Exercise prompt
From the line below that contains "SONGMICS Bathroom Trash" to the line that contains "Golden Cave - Neon Bläck Illustration Poster", repeat every line exactly, both ends included, and nothing else.

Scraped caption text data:
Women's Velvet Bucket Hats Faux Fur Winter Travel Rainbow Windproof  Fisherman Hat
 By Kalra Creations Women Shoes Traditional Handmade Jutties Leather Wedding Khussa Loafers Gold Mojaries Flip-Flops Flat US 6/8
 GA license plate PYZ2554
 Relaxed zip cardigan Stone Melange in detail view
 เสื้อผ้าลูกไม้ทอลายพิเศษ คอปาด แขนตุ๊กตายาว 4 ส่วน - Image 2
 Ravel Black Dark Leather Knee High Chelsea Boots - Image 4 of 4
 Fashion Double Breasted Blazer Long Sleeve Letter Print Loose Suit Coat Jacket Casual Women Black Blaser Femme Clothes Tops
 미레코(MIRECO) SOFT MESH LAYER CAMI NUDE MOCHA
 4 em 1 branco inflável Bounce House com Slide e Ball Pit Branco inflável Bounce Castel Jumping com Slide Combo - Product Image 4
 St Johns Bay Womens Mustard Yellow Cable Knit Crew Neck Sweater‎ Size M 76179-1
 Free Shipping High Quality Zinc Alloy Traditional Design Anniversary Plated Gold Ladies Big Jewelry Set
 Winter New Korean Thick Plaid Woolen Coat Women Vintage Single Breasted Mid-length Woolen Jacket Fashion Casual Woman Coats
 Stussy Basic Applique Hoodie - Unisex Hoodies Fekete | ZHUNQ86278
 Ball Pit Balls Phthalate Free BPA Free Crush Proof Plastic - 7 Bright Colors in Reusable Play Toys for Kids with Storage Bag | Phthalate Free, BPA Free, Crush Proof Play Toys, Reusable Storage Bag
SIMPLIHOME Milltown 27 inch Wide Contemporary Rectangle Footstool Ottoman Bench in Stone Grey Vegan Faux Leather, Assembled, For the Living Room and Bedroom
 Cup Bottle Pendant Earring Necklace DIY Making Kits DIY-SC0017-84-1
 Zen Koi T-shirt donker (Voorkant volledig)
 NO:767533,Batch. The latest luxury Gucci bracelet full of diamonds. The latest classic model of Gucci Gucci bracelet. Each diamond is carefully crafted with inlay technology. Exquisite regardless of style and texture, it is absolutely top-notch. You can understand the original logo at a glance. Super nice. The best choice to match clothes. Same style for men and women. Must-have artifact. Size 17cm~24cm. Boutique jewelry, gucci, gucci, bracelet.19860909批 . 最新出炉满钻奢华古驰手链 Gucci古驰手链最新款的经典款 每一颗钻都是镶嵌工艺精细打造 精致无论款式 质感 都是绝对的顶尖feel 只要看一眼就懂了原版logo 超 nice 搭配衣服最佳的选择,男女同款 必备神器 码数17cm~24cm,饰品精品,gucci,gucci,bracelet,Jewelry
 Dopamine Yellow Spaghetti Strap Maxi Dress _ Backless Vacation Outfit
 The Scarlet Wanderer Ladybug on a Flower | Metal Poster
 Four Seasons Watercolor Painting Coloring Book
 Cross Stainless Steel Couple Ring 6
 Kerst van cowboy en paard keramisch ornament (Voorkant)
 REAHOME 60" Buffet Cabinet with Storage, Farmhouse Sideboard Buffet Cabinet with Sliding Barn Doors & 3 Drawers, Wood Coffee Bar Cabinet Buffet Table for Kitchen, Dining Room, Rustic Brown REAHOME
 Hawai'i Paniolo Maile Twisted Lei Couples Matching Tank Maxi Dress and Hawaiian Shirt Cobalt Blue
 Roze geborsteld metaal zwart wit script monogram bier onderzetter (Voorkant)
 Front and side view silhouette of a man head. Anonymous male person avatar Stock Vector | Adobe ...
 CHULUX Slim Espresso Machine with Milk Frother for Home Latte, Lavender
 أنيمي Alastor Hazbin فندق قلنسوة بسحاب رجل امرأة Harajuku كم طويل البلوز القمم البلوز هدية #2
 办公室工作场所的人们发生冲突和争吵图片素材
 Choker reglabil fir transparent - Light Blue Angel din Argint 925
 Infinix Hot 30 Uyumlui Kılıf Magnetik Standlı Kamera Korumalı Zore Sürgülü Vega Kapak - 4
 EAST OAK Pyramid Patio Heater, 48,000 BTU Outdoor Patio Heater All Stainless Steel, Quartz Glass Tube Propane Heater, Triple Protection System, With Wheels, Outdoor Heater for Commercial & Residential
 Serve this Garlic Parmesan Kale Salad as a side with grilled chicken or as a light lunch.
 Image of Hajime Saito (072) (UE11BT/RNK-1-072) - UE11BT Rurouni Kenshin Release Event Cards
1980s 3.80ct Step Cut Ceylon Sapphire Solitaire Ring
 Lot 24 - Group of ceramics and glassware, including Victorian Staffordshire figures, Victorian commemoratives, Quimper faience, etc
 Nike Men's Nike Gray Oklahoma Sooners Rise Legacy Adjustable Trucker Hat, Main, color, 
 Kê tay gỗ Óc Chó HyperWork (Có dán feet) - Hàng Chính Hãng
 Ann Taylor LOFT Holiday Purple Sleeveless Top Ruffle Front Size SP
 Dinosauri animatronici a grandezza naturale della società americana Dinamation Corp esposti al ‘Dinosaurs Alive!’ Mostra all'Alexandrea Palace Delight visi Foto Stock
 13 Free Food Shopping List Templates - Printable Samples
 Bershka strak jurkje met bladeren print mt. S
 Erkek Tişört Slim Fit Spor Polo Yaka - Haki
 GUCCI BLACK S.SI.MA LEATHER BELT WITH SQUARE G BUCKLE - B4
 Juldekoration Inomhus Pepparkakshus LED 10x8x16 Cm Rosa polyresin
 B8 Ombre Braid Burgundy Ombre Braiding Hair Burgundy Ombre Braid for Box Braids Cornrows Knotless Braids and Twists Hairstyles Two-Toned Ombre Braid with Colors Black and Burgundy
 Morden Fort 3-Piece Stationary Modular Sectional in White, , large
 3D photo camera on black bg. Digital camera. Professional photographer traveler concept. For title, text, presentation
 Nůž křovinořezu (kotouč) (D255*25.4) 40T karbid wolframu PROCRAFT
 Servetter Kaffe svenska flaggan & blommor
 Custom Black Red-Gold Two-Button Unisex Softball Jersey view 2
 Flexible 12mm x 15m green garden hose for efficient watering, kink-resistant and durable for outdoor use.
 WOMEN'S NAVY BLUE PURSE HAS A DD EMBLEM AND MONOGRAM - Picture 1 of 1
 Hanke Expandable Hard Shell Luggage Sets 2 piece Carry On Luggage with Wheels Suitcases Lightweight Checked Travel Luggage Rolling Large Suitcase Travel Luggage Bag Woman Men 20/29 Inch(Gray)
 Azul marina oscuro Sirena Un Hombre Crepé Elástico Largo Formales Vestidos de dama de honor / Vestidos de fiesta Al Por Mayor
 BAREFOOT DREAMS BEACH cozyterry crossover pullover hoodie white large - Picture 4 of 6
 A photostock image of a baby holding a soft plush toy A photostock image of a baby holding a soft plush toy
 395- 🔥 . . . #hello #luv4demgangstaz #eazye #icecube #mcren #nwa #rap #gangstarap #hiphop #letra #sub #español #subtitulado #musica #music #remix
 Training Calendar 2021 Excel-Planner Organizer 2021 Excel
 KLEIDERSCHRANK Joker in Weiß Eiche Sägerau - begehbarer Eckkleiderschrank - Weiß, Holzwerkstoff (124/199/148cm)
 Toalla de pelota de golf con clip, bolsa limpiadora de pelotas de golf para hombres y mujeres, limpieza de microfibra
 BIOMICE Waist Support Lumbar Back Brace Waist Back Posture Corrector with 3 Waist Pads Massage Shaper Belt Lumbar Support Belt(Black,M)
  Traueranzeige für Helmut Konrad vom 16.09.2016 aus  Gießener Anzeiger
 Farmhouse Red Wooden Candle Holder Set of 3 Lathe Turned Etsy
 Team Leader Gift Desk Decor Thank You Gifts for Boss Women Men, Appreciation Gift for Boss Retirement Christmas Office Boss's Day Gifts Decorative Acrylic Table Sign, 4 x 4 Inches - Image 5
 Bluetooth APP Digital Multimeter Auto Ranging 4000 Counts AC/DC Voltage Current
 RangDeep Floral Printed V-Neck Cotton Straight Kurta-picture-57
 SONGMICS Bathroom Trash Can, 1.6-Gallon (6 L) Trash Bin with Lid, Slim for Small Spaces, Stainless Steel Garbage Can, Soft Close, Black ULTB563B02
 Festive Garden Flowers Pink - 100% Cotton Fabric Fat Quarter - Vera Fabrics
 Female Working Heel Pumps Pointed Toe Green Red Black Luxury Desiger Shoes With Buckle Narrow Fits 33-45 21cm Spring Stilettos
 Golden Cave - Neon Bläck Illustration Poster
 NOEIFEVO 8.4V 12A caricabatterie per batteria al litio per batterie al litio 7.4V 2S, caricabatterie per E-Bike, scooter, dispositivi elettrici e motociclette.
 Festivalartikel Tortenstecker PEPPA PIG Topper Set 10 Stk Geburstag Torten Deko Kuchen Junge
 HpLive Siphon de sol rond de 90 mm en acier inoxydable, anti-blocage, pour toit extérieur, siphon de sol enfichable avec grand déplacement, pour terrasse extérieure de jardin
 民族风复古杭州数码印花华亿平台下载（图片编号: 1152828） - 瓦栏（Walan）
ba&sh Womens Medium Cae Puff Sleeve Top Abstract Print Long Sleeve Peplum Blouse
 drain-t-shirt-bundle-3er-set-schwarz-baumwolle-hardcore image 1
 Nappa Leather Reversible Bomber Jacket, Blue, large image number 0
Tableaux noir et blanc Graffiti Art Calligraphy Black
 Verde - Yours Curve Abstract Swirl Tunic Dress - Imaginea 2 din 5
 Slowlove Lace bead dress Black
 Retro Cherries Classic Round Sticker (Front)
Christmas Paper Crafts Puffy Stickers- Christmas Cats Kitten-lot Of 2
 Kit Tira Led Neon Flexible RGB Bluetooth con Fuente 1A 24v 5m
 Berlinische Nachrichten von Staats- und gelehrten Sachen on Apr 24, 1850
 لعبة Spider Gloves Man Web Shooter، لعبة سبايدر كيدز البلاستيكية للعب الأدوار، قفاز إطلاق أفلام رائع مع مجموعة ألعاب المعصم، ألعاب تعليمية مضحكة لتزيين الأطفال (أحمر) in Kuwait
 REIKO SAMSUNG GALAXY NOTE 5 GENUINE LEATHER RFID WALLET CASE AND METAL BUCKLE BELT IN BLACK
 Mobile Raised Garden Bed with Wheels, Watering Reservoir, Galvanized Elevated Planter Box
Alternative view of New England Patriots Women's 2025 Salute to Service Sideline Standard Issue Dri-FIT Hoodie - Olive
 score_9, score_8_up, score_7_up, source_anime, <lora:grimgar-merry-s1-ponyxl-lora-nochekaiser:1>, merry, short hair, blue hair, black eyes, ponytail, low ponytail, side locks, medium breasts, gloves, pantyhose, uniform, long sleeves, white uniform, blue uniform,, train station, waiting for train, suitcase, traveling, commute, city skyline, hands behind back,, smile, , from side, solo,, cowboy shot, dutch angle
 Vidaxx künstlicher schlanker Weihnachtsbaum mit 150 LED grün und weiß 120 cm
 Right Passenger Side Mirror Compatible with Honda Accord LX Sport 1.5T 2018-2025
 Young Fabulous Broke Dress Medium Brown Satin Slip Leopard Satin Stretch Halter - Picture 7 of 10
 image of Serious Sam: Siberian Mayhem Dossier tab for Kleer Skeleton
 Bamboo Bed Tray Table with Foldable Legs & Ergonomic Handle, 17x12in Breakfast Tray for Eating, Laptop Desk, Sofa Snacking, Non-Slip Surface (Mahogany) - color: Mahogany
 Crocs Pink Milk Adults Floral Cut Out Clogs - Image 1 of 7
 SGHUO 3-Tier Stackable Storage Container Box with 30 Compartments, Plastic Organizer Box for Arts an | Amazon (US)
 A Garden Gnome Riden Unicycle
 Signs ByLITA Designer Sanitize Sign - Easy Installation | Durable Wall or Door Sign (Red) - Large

Answer for the task
 SONGMICS Bathroom Trash Can, 1.6-Gallon (6 L) Trash Bin with Lid, Slim for Small Spaces, Stainless Steel Garbage Can, Soft Close, Black ULTB563B02
 Festive Garden Flowers Pink - 100% Cotton Fabric Fat Quarter - Vera Fabrics
 Female Working Heel Pumps Pointed Toe Green Red Black Luxury Desiger Shoes With Buckle Narrow Fits 33-45 21cm Spring Stilettos
 Golden Cave - Neon Bläck Illustration Poster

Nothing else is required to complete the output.